While the workers are putting the stalls together, another company is hanging up the Christmas lights in the city center; this is sponsored by the Bonn municipal utilities and local retailers. "However, it is becoming increasingly difficult to motivate businesses to contribute," says Jürgen Bruder, Chairman of Bad Godesberg City Marketing.
Hardt and his team have transported the stalls from Cologne by truck. The wooden elements for a hut and the floor slab with the green iron frame weigh over a ton. But the company doesn’t merely provide the booths. "The boss built the castle fortress himself," says Patrick Willschinski, who is a member of the team. "The city's marketing team insisted on having it.”

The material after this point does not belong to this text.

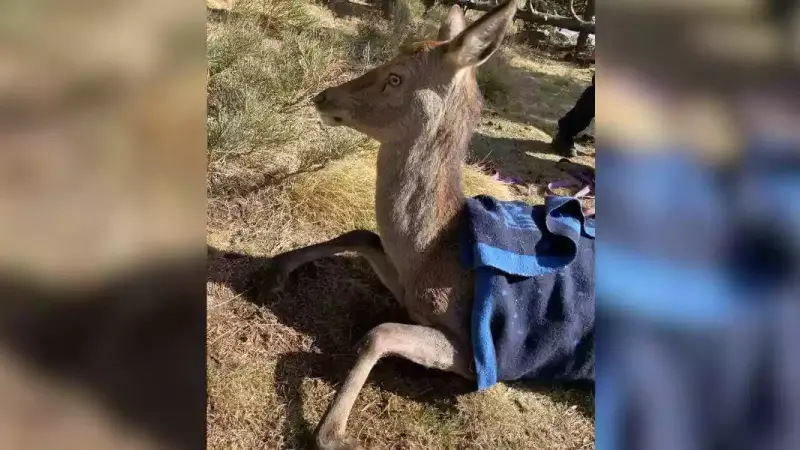 biche sauvée lac gelé de Bolquère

The fortress still lacks the two towers
But it is not yet complete. The base is already at Theaterplatz, but the two two-meter high towers that are enthroned on top of the roof are still missing. When completed, mulled wine and Kölsch beer will be served here. On one wall hangs a wooden sign that says "Here reigns lord Theodor". "That's the boss," says Willschinski. The latter not only builds the huts, but also works behind the counter. "Then I'll be here from morning till night.”

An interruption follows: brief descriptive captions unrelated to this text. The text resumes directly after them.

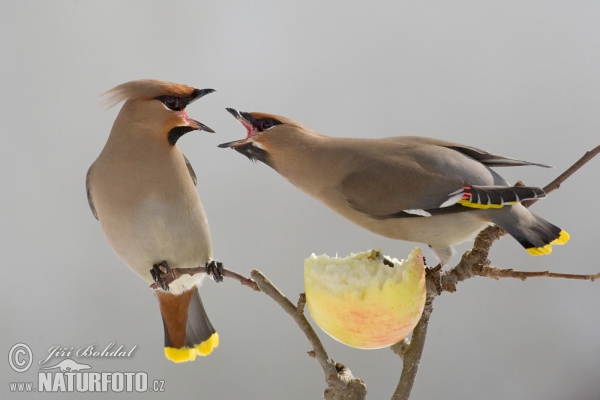 Chochláč severský (Bombycilla garrulus)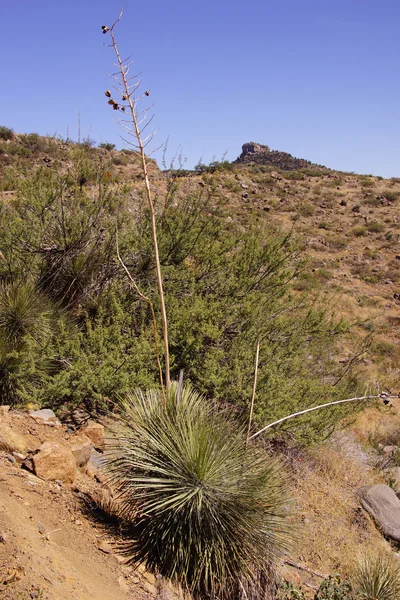 Century plant (Agave americana)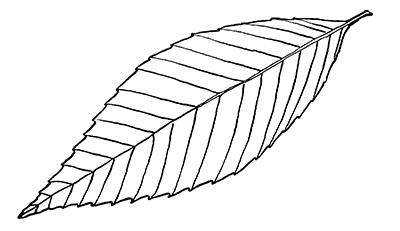 Line drawing of a beech leaf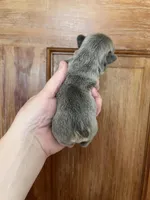 Frau Farbissina, a female French Bulldog for sale in Holton, IN – Photo 5 of 10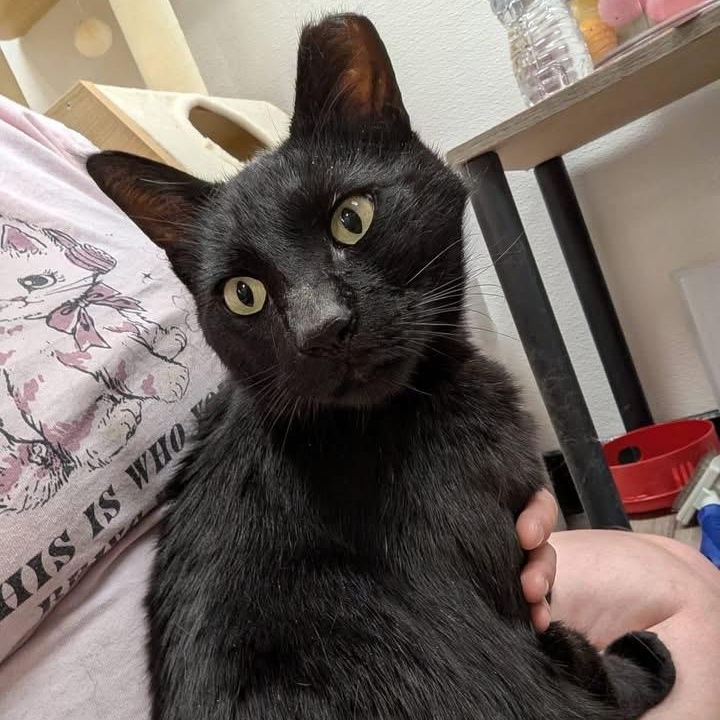 Enlarge Yoshi, a ADOPTABLE Domestic Short Hair in Chandler, AZ image 3/5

The market is open Mondays to Saturdays from 11 am to 7:30 pm, Sundays from 12 to 7 pm. On weekends, concerts, readings and much more take place on the Fronhof stage. Here is an excerpt from the program published by City Marketing: On Saturday, November 30, Mark Bennett (1 p.m.) will play songs with a Christmas flair. Afterwards there will be a fairytale hour (3 pm). In the evening at 8:30 p.m. there will be a Christmas musical evening. On Sunday, December 1, children are invited to sing along to Christmas songs at "Jojos" (12:45 pm). Later, the Jazz Pack will be on stage (5 p.m.) with Christmas jazz and soul music.
On Friday, December 6, St. Nicholas comes to visit the Fronhofer Galeria (11 am). Until 6 pm, children can climb the throne to visit him, tell him their wishes and take a souvenir photo. Afterwards there are sweets. On Saturday, December 7th, the Alphornissen will perform. In the afternoon the dance school Koltermann presents a show featuring dance from ballet to hip-hop (4 pm). Sunday, December 8 starts with a Christmas puppet show (12:30 pm), in the evening Klaus Krumsdorf plays covers using the Kölsche dialect (6 pm).

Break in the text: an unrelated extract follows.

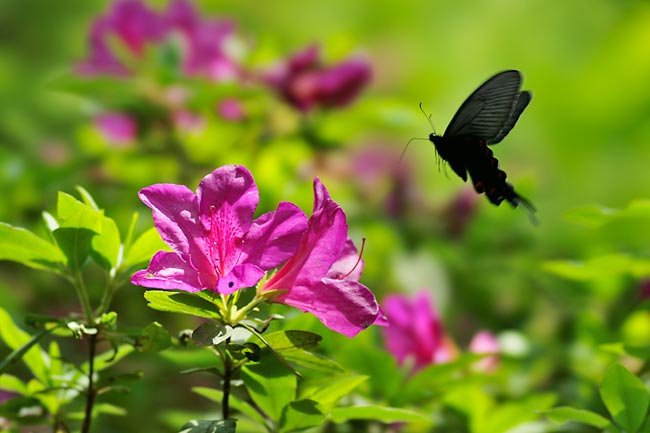 オナガアゲハの飛翔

On Friday, December 13, visitors can sing songs with the children of the Rigal'sche Wiese day-care center (12 noon). Saturday, December 14th, the clown Ugolino performs (1 pm). In the evening, Cartel will provide some atmosphere with their mix of jazz, rock, funk, latin and fusion (6 pm). On Sunday, December 15, the pianist Antonio Macan (1 p.m.) opens the market on a white grand piano. He will be followed by Peter Weisheit and the Dixie Tramps, who will play acoustic Christmas songs (4 pm). On Saturday, December 21, Caffier with Christmas and folk songs will continue the musical program (3:45 pm). On Sunday, December 22, the Pia Nino band will give a winter concert to keep everyone warm (12:30 pm). The last group on stage will be Swing OK (5:30 pm).
December 23 will be the last day. The last day is always the hardest, says Willschinski. Winding down until all the drinks are gone. Already that evening, he and the others dismantle the stalls again and bring them back to Cologne.